Below are other notable trends Standard Bank recorded from first-time homebuyers –

  • 48% of all bond registrations by Standard Bank in the past five years involved first-time buyers.
  • In the past year, Standard Bank approved an average of 50% of all applications it received from first-time homebuyers.
  • The average loan value approved for all first-time buyers in the past three years stood at R975,000.
  • Four in ten first-time buyers had a deposit.
  • The average deposit was 24% of the selling price.
  • Gauteng, Western Cape and KwaZulu Natal represent the top three provinces for first-time buyer activity.

This is a good sign for homeowners as it signals increased buying activity within the market, which tends to drive up prices. 

Interest rate cuts coming

Lesetja Kganyago Copyright World Economic Forum.Faruk Pinjo

Demand for property may experience a further uptick from interest rate cuts, which may come sooner than initially expected. 

Residential property demand was severely impacted by the Reserve Bank hiking interest rates by 475 basis points since November 2021 to comabt inflation. 

This raised the cost of financing a R1.5 million home by around R4,600 per month, significantly impacting the affordability of homeownership for South Africans. 

Inflation has remained sticky, forcing the Reserve Bank to keep rates at 15-year highs for just over a year. 

Trade Intelligence’s Grocery Shopper Report for 2024/25 showed that food inflation averaged 10.8% last year after rising 9.2% in 2022. 

This has been compounded by electricity tariff hikes, which have pushed the price of electricity up 12.7% compared to last year. 

Petrol prices have also risen sharply – by 17.1% in 2022 and 5.1% in 2023. As a universal input, increases in the fuel price raise the cost base of almost the entire economy. 

Thus, the Reserve Bank has had to keep rates higher for longer, significantly increasing the cost of raising new debt and paying off existing loans. 

However, there are signs that interest rate cuts are coming soon, with average inflation expectations two years ahead falling to 4.9% in the second quarter from 5.2% previously, according to the Bureau for Economic Research (BER).

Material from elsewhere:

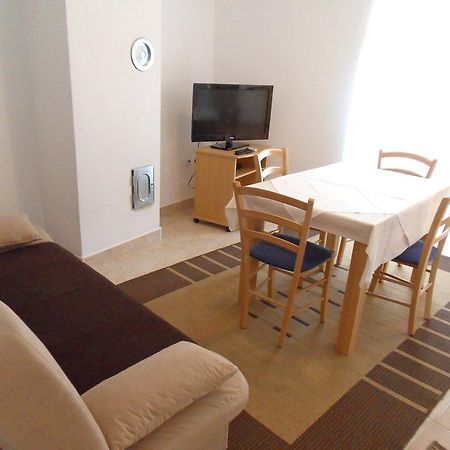 Apartments Petricevic 2 セルツェ エクステリア 写真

These expectations are used by the bank’s Monetary Policy Committee (MPC) to inform its decision-making along with other economic data. 

The BER said that all social groups, including analysts, businesspeople, and labour officials, lowered their inflation forecasts for the entire three-year horizon of the survey. 

“On average, they anticipate inflation of 5.3% in 2024, 5% in 2025, and 4.9% in 2026,” it said. “Their five-year inflation forecast fell below 5% to 4.9% for the first time since the fourth quarter of 2021.”

The drop will help ease the MPC’s concerns at its last meeting that inflation expectations remain above the 4.5% midpoint of the bank’s target range, where it prefers to anchor them.

The reading and easing inflation pressures may pave the way for interest rates to be lowered later this year.